Pro Stock finalists Coughlin and Jason Line entered the event 1-2 in points and both were seeking their third win of the season in the money round, but the drama ended early when Line fouled out with a .002-second too-early leave, invalidating a 6.57 that was quicker than Coughlin’s 6.58. The win was Coughlin’s 44th in Pro Stock and 57th overall.
“We’ve really jelled together lately,” Coughlin said. “This year we had one goal, which was to get more round wins and more race wins and that’s exactly what we’ve done. We’ve been racing hard and racing smart. I lost a couple of finals but now I’m on the good end of it.

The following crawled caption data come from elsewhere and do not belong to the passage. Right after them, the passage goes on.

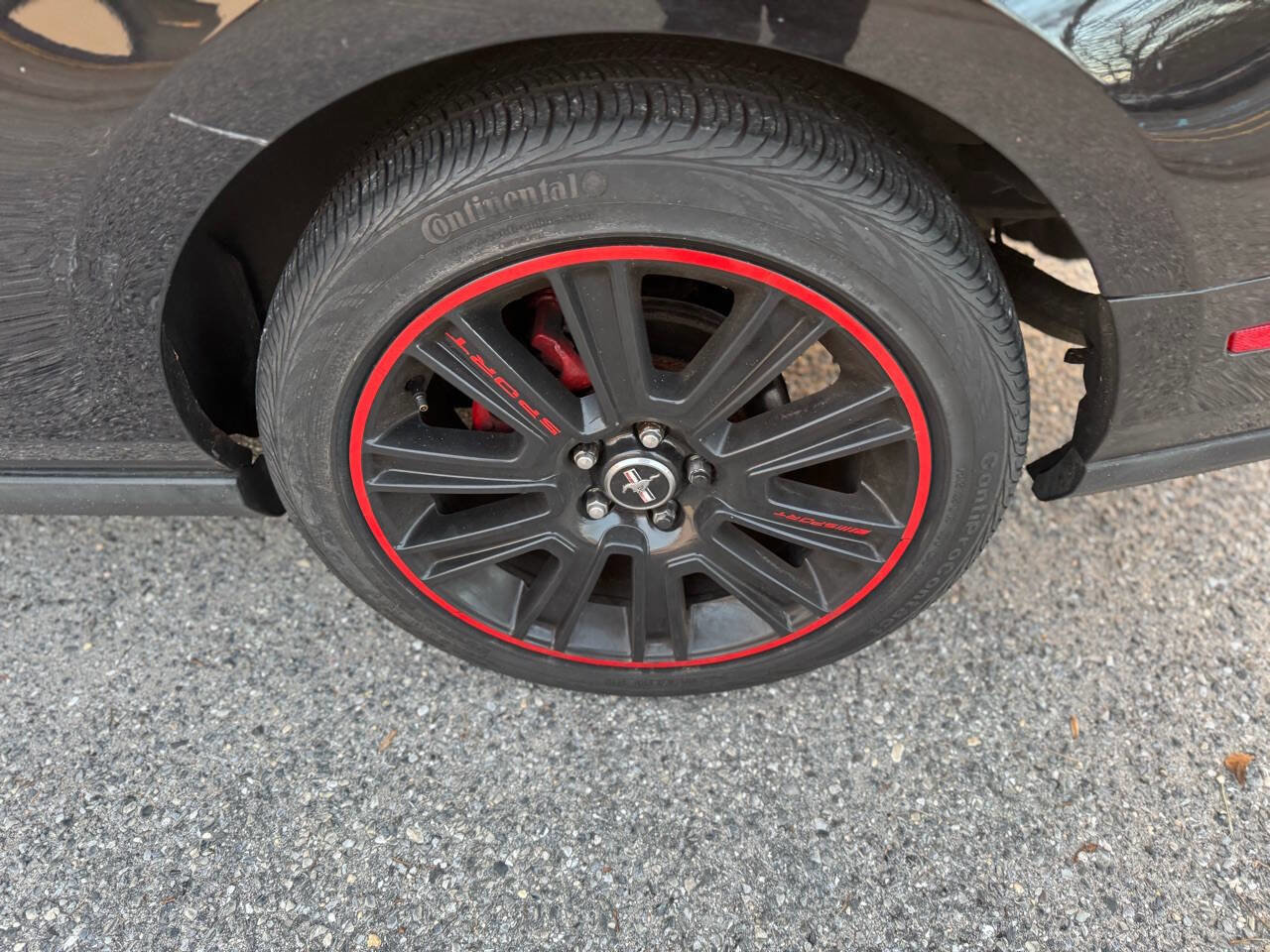 Used 2010 Ford Mustang GT Premium image 50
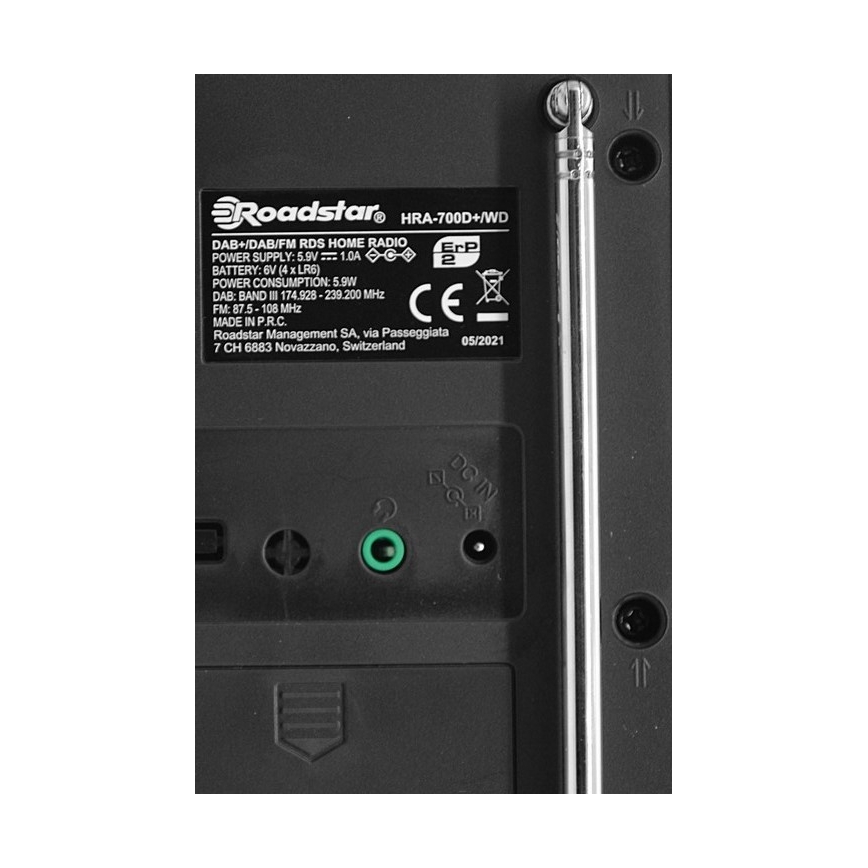 Roadstar HRA-700D+/WD - Rádio s DAB+, FM a budíkom 16W/230V/4xAA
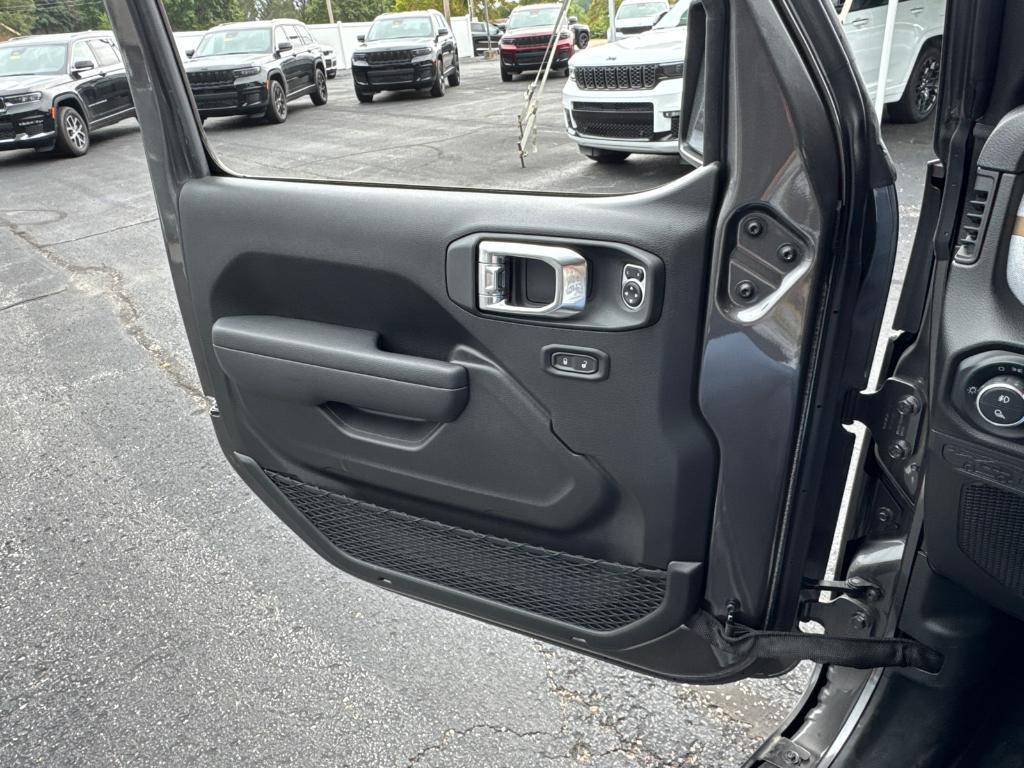 new 2025 Jeep Gladiator car, priced at $40,988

I’m three and two in finals and I’m excited because we have a lot of our favorite tracks coming down the pike and we’ll try to keep this roll going.
“Victor’s team working extremely hard. We have some new items on the car that we wanted to test on Friday. We have a new engine that is the best that has ever come from Cagnazzi’s shop. Obviously it rained on Friday and we didn’t run it on Saturday but we put it in today. It was lazy down low but we gradually snuck up on it. It is running great on the top end and that’s really exciting.”
Coughlin, winner earlier this season in Phoenix and Las Vegas, reached the 73rd Pro Stock final of his amazing career and his fifth in seven starts this season with the Cagnazzi Racing/Jegs.com Cobalt by trailering Johnny Gray with a 6.622 then put together back-to-back 6.59s to beat low qualifier Greg Stanfield and longtime rival Greg Anderson, keeping Anderson winless through seven starts this season.
Line, who scored wins at the season opener in Pomona and again in Gainesville, opened his Sunday account with a free pass when former NBA player Tom Hammonds airballed the start with a red-light then eked his Summit Racing Pontiac past Kurt Johnson by a mere .006 in the second round, 6.57 to 6.58. Line reached his 27th career Pro Stock final (29th overall) by defeating upset-minded Justin Humphreys, 5.59 to 6.63.The Pro Stock Motorcycle final pitted the series’ two most recent winners, Atlanta champ Krawiec and Houston titlist Craig Treble, and Kraweic, who won the 2008 championship without winning a race, made it two straight wins on a 6.94 to 6.95 decision and stole the points lead from Matt Smith in the process.
“I had a lot of people tell me that once you get first win, they will come easy,” said Krawiec, who was winless entering this season. “I didn’t believe it but it has been true so far. I had a .009 reaction in the final and that wasn’t exactly what I wanted but I needed it. I also had a .000 light against Angie [McBride] in the semi’s so my average is probably pretty good right now.
“The final was tough. In my eyes, Craig is one of the best, if not the best rider out here. He bracket races a lot and it’s not easy to beat him. This year, I think every bike race has been won from the No. 2 [qualifying] spot so I was pretty happy when we were second. We’ve got some momentum now and I just want to see us keep it going.”
Krawiec reached his eight career final round aboard the Vance & Hines Screamin’ Eagle Harley by defeating first-time qualifier Bailey Whitaker and his RumBum teammate, Shawn Gann, in the opening two rounds with passes of 6.91 and 6.90, then denied Angie McBride her first career final-round appearance, beating the Nitro Fish Buell rider by combining a perfect .000 light and a 6.95 to beat her game 6.97.
Treble, a 13-time tour winner, used a mix of power from his Suzuki and good riding to reach his 28th career final round, outrunning Junior Pippin’s Buell in round one, 6.94 to 7.02, then using a holeshot to beat incoming points leader Smith’s Nitro Fish Suzuki, 7.02 to 6.99. Treble’s semifinal clash with rookie rider Doug Horne was a rematch of their Houston final, with the outcome being the same, a win light in Treble’s lane after a 6.96 to 7.03 duel.